The weka-IP plugin has been developed when preparing the classification chapter of the book Introduction to Imprecise Probabilities. I had the opportunity to spend some time in Granada with J. Abellan, A. Masegosa and S. Moral. Their research group has a large experience in credal classification based on decision trees. We thus decided to make available a number of credal classifiers under the WEKA interface. Andres linked the code of WEKA with that of credal decision trees and JNCC2. He is the maintainer of the package. Weka-IP contains the following credal classifiers:
- credal decision trees (paper);
- naïve credal classifier (paper);
- lazy naïve credal classifier (paper);
- credal model averaging (paper). The last two algorithms had been developed by me by extending the JNCC2 code- base, but I had not previously released the code. The credal classifiers are available in a separate folds of classifiers, which is not present in the standard WEKA interface. Weka-IP computes also the utility-based metrics for scoring credal classifiers; in this respect it is more up-to-date compared to JNCC2. I recommend using the Experimenter interface (manual) of Weka-IP. The Experimenter allows comparing via statistical tests the performance of different credal classifiers, based on the results of cross-validation. Moreover, it allows running several credal classifiers on multiple data sets. Installation and usage details are discussed in the user manual. Some details require some attention. Credal decision tree require removing missing data, which is done by the filter E_FilteredClassifier. Credal classifiers derived from JNCC2 requires the feature to be discrete, which is done by the filter E_Discretize. Due to interface reasons, it is not possible to deal with non-MAR missing data. Another advantage of Weka-IP is that one can exploit the powerful Weka functionalities for data pre-processing, such as feature selection.

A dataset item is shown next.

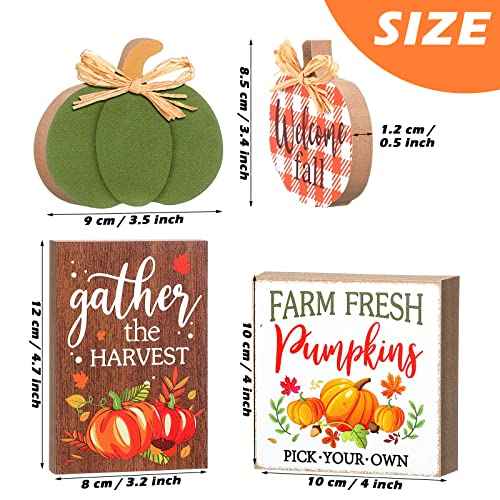 4 Pcs Fall Pumpkin Decor Tabletop Signs Welcome Fall Plaid Pumpkin Wooden Sign Tiered Tray Decorations Thanksgiving Autumn Table Centerpieces Standing Block Shelves for Rustic Farm House Home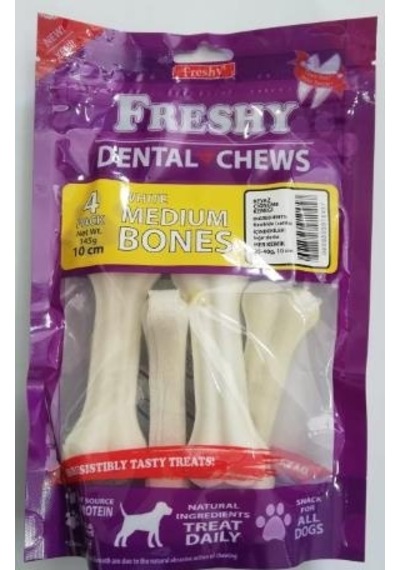 Freshy Dental Medium Bones Çiğneme Kemiği Beyaz 10 CM 4'lü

The Weka-IP allows to easily get in touch with different credal classifiers, to run them from a graphical user interface and to statistically compare their performances. The code might be regarded as preliminary in different respects (see my previous comment on the need for filters), but its interface is generally very easy to use. If you plan to develop your own new algorithm for credal classification, it might be a good idea to try to add it to the Weka-IP package. In this way, you could quickly compare your new algorithm with previously existing ones.
About the author
G. Corani is senior researcher at the Imprecise Probability Group of IDSIA (Lugano, Switzerland). He obtained his PhD in Information Technology from the Politecnico di Milano in 2005. His research interests are mainly data mining and applied statistic. Most of his work done with imprecise probability regards credal classification. He is author of about 50 international publications.